Quería pensar en el sentido de lo que había hecho, saber si estaba huyendo de algo o yendo hacia algo. Mi confianza se apoya en el profundo desprecio por este mundo desgraciado, me había dicho el poeta. Le daré la vida para que nada siga como está.

Nos pasamos dando la vida por causas que no entendemos por completo sólo para que nada siga como está, le dijo el Mocho a Martel aquella noche del Sunderland.

Las parejas bailaban alrededor, indiferentes. Un cortejo de alevillas rondaba cerca de los reflectores. Algunas los rozaban y morían sobre el vidrio candente. Martel estuvo largo rato perturbado. La historia grande había rozado al Mocho con sus alas y él también oía el vuelo. Era un sonido más fuerte que el de la música, más dominante y vivo que el de la ciudad. Debía de abrazar el país entero y al día siguiente, o al otro, estaría en la tapa de los diarios. Sentía deseos de decir, como la señora Olivia ante la muerte, "qué poquita cosa somos, qué nada somos en la eternidad", pero tan sólo dijo: "Yo también canto sólo por eso: para que regrese lo que se fue y nada siga como está".

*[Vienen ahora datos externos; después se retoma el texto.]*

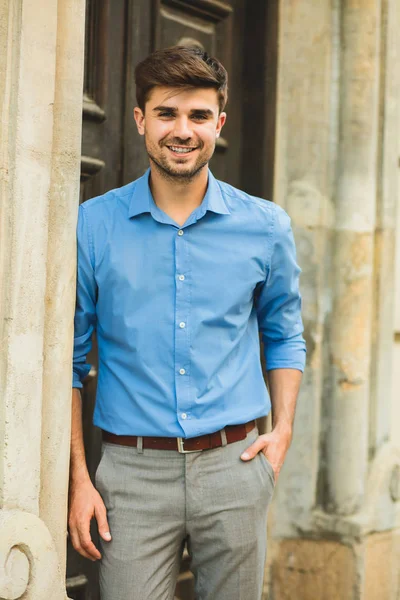 waiting for the guests or clients. smiling elegant man waiting for someone and smiling to camera outside in front of his door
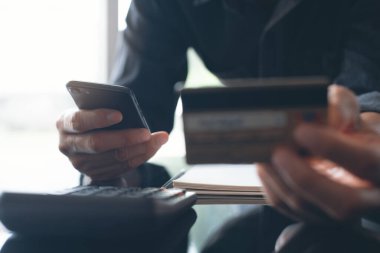 Man online shopping and internet banking on smart mobile phone by credit card payment, online banking, e commerce, e business, omnichannel or mobile banking apps concept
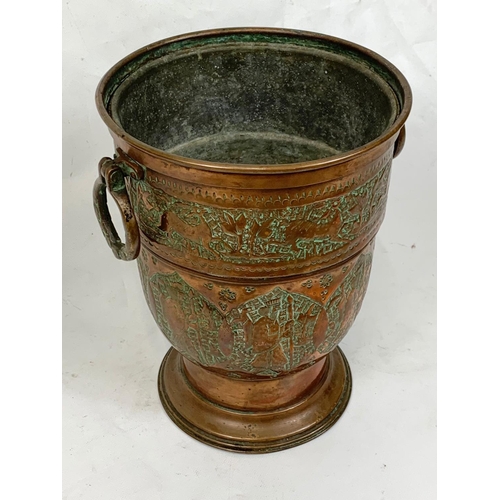 75 - An early 20th century Middle Eastern copper jardinière, 23cm x 27.5cm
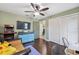 Spacious bedroom boasts a ceiling fan, TV, closet, and dark wood floors adding function to the living space at 2906 Beagle Pl, Seffner, FL 33584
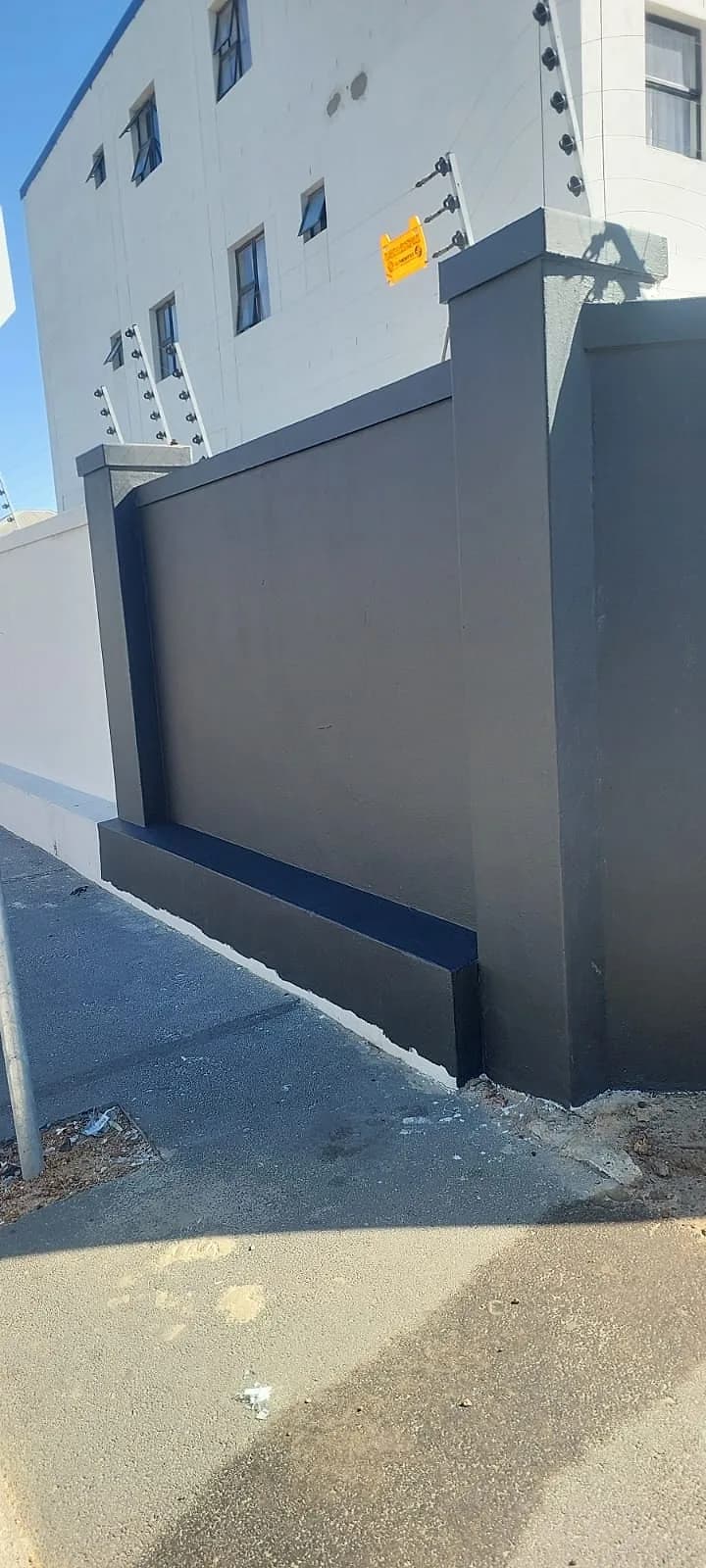Boundary wall painted charcoal with grey pillars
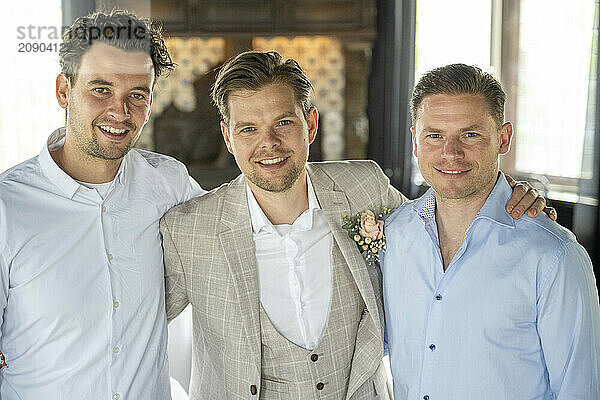 Three smiling men dressed in smart casual attire posing together for a photo.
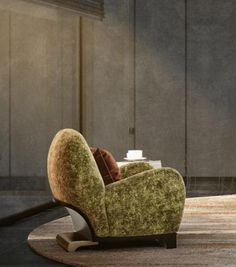 a green chair sitting on top of a wooden floor next to a lamp and table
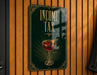 A sign on a wooden wall that reads "INCOME TAX" with an illustration of a martini glass containing a cherry on top.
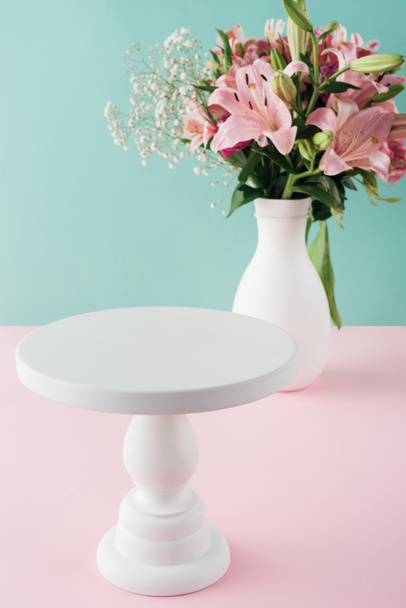 leerer weißer Kuchenständer und Blumenstrauß in der Vase  - Foto, Bild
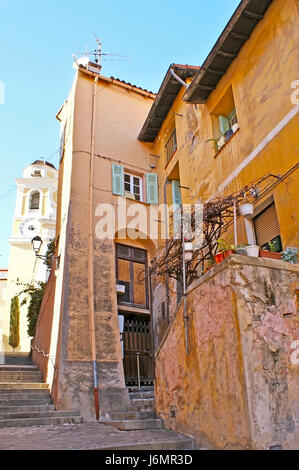 La vecchia strada collinare a Villefranche-sur-mer con case inclinato e la torre dell'orologio di st michel chiesa sullo sfondo, Francia. Foto Stock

A la mañana siguiente, -me contó Alcira-, el Mocho quiso que Martel lo acompañara a visitar la casa de la calle Bucarelli, donde había empezado el laberinto de su propia vida. Las radios anunciaban el regreso del cadáver de Evita y el hallazgo de la camioneta blanca con el ataúd de Aramburu. Si lo que Andrade pretendía era poner fin a una historia y retirarse del pasado para empezar de nuevo -como le dijo al cantor en el Sunderland -, no le quedaba otro recurso que volver a Parque Chas y velar allí las ruinas de su vida.

La mañana se les fue en una decepción tras otra. La casa de la conspiración estaba cercada por vallas policiales y un patrullero montaba guardia junto a la puerta. A lo lejos, en las calles que se abrían en círculo y en las veredas que se interrumpían sin aviso, no se veía un alma y el silencio era tan opresivo que cortaba el aliento. Ni siquiera los perros asomaban el hocico a través de las cortinas. No pudieron detenerse a mirar las ventanas del piso alto para no despertar las sospechas del patrullero, de modo que doblaron por Ballivian hacia la calle Bauness y allí volvieron a subir la pendiente que desembocaba en Pampa. De vez en cuando, Martel se volvía hacia el Mocho y advertía en él un desconsuelo creciente. Habría querido tomarlo del brazo pero temía que cualquier gesto, cualquier roce, desatara el llanto de su amigo.

Al llegar a la parada del colectivo, Andrade dijo que en ese punto debían separarse porque lo estaban esperando en otra parte, pero Martel sabía que esa parte era nada, la perdición, que ya no le quedaba nadie a quien pedir refugio. Ni siquiera intentó retenerlo. El Mocho parecía demasiado apurado y se desprendió de su abrazo como si estuviera desprendiéndose de sí mismo.